- [SUPPLIED INFORMATION]
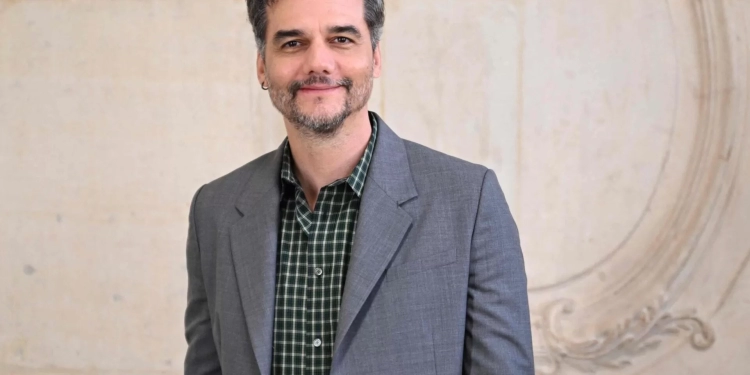 Wagner Moura brilha em Paris após vitória histórica no Globo de Ouro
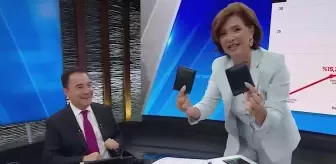 Ali Babacan canlı yayında cebinden çift cüzdan çıkardı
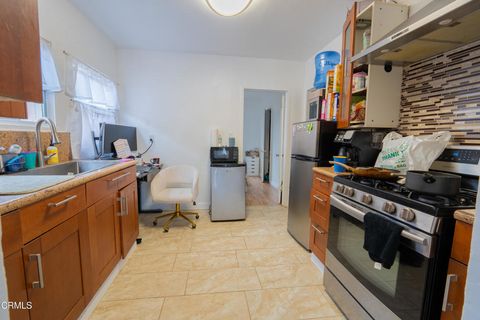 Tiny photo for 557 561 N North Olive Street Street, Ventura, CA 93001 (MLS # V1-32770)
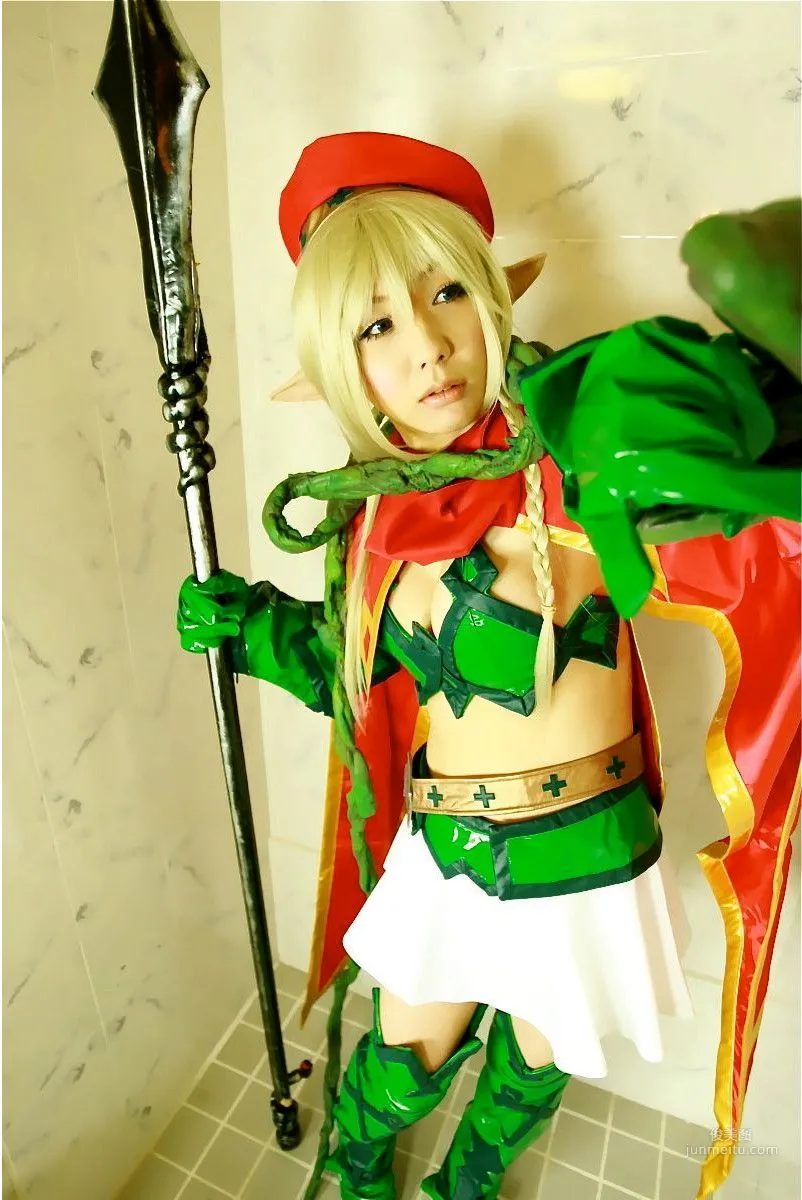 華群みさき 《Queen's Blade》Alice+Alleyne+Echidna  [HONEY BUNNY] 写真集25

- [YOUR ASSIGNMENT] Only the lines from the one containing "Ali Babacan canlı" through the last line of the data may appear in the answer, each given again exactly and with pictures left out.

- [WRITTEN REPLY]
 Ali Babacan canlı yayında cebinden çift cüzdan çıkardı
 Tiny photo for 557 561 N North Olive Street Street, Ventura, CA 93001 (MLS # V1-32770)
 華群みさき 《Queen's Blade》Alice+Alleyne+Echidna  [HONEY BUNNY] 写真集25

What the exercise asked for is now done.